The story about the biggest story of 2016 — “but her emails!” — got none of the attention it deserved over the weekend. A State Department report released Friday said an exhaustive three-year investigation into Hillary Clinton’s use of a private email server while she was secretary of state found “no systemic or deliberate mishandling of classified information.” It is now a fact that the biggest story of 2016 was a collective fabrication. Yet the people who turned it into a “controversy” whose consequences have changed the world have said nothing. Only one person, Jeffrey Toobin, has taken responsibility for his role in poisoning public opinion and imperiling the republic.
Instead of soul-searching, what we saw over the weekend, and so far this week, is more of the same. I have seen reams of commentary about how the woman not running for president should not have spoken. She should not have suggested, commentators argued, that the Russians are grooming a Democrat to be a third-party spoiler. She should not have said that someone is probably Tulsi Gabbard, who does enjoy rubbing elbows with ethnic authoritarians. (Clinton did not name Gabbard in her interview.)
Largely missing from this commentary, however, is Clinton’s larger point, which is that the Russians continue to violate our national sovereignty. As if on cue, Facebook reported Monday that it disabled a network of accounts created by Russian operatives to spread propaganda about Joe Biden in key swing states.
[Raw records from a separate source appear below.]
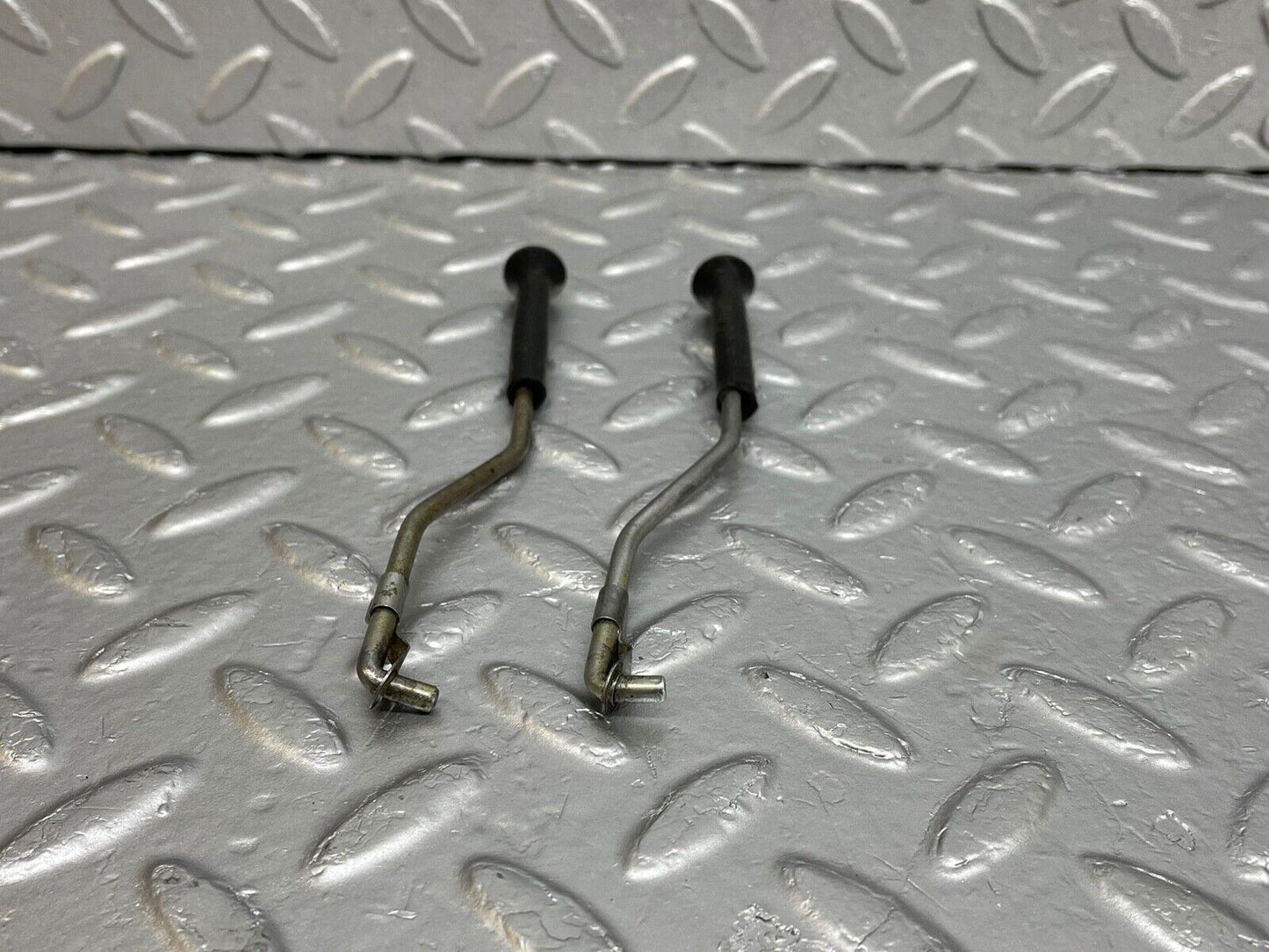 42719 Mercedes-Benz W108 280SE Front Door Lock Knob Pair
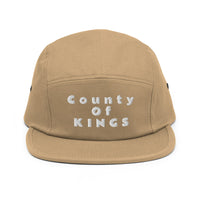 County Of KINGS Snapback Hat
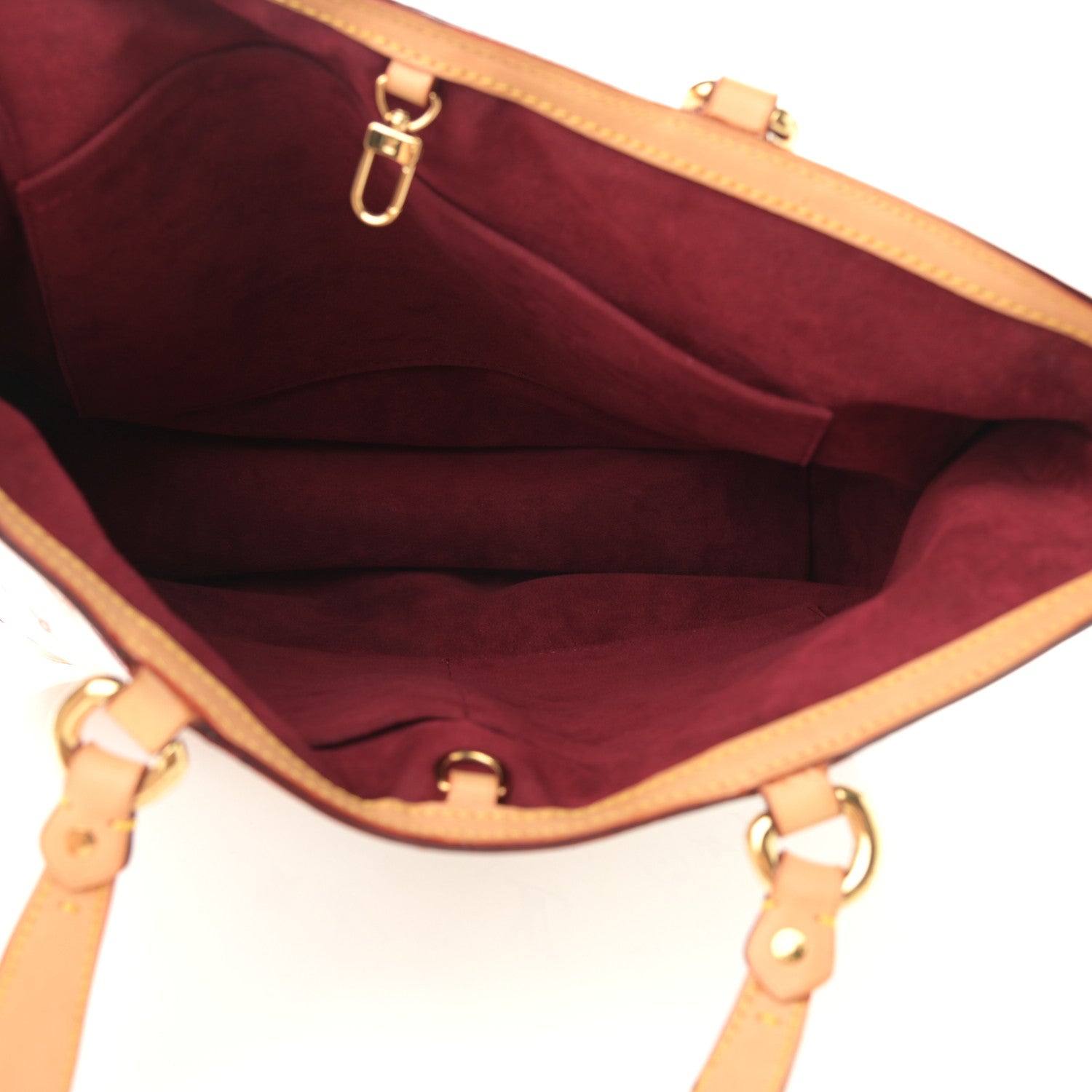 Louis Vuitton Monogram Multicolor Sharleen MM White 5 of 14
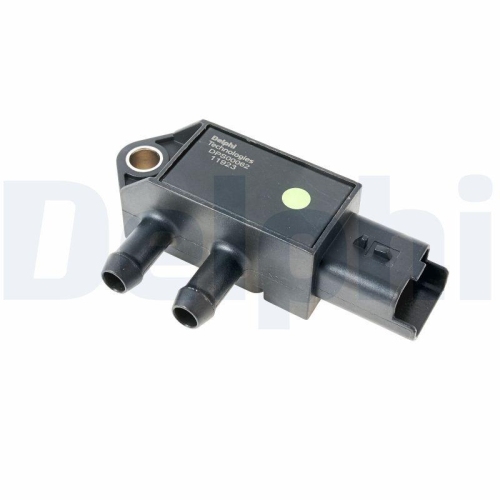 DELPHI Sensor, Abgasdruck DPS00062-12B1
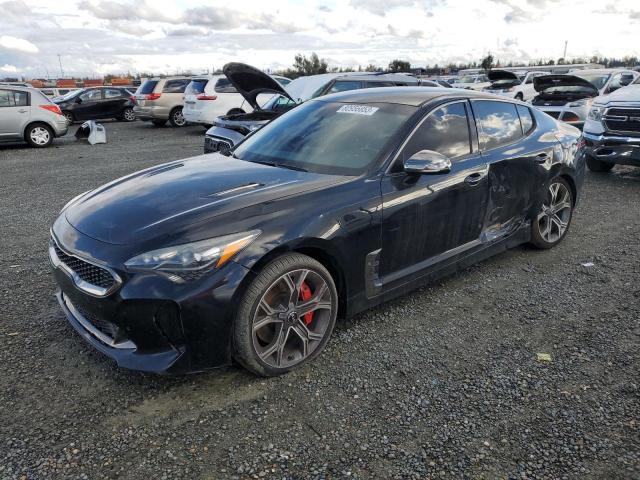 KIA STINGER 2019 knae35lc4k6050364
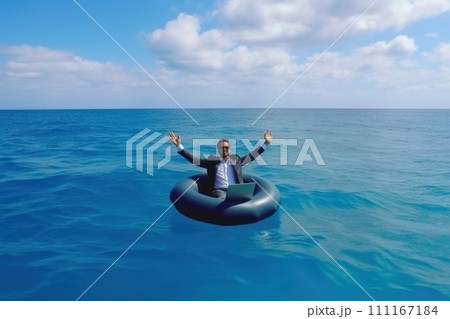 Digital nomad concept, Remote working concept Digital nomad concept, Remote working concept 111167184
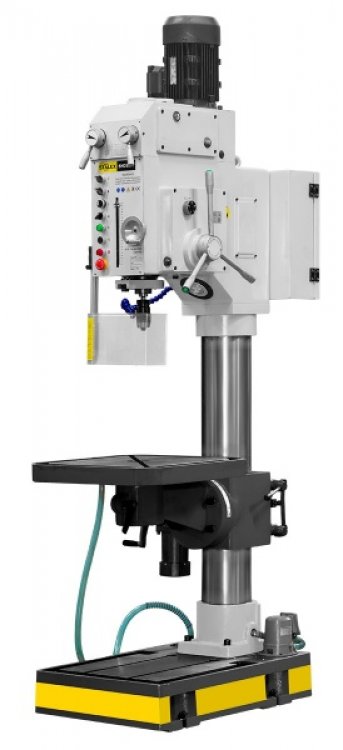 Станок сверлильный редукторный STALEX SHD-50PF Pro Станок сверлильный редукторный STALEX SHD-50PF Pro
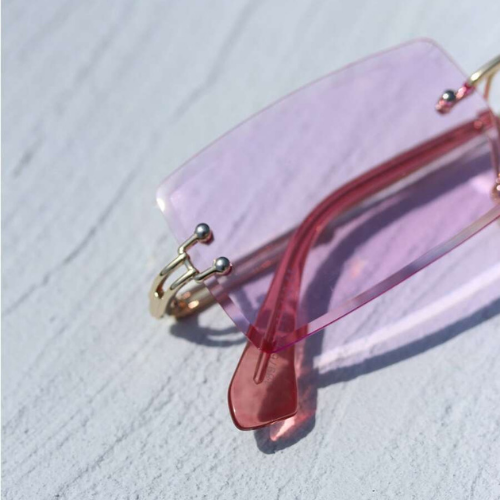 Main Character (Pink)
This news came after Bloomberg reported that a Russian mobster fighting extradition to the US provided dirt on Joe Biden in exchange for legal help from the president’s personal attorney, Rudy Giuliani, the very same guy, the Post reported, whose associates were funneling Russian cash into the campaigns of Republican members of Congress, a pattern the Senate intelligence panel recognized when it said that the NRA was “a foreign asset.”
So here’s Hillary Clinton, who has no skin in the game this time, warning us about something big and important that we all need to pay attention to, not for herself but for the good of our country, and not only is the press corps silent on its role in kneecapping her campaign, all it hears when Clinton speaks is some bitch bitchin’.
Now I ask you, truly: What would you do if you were Elizabeth Warren?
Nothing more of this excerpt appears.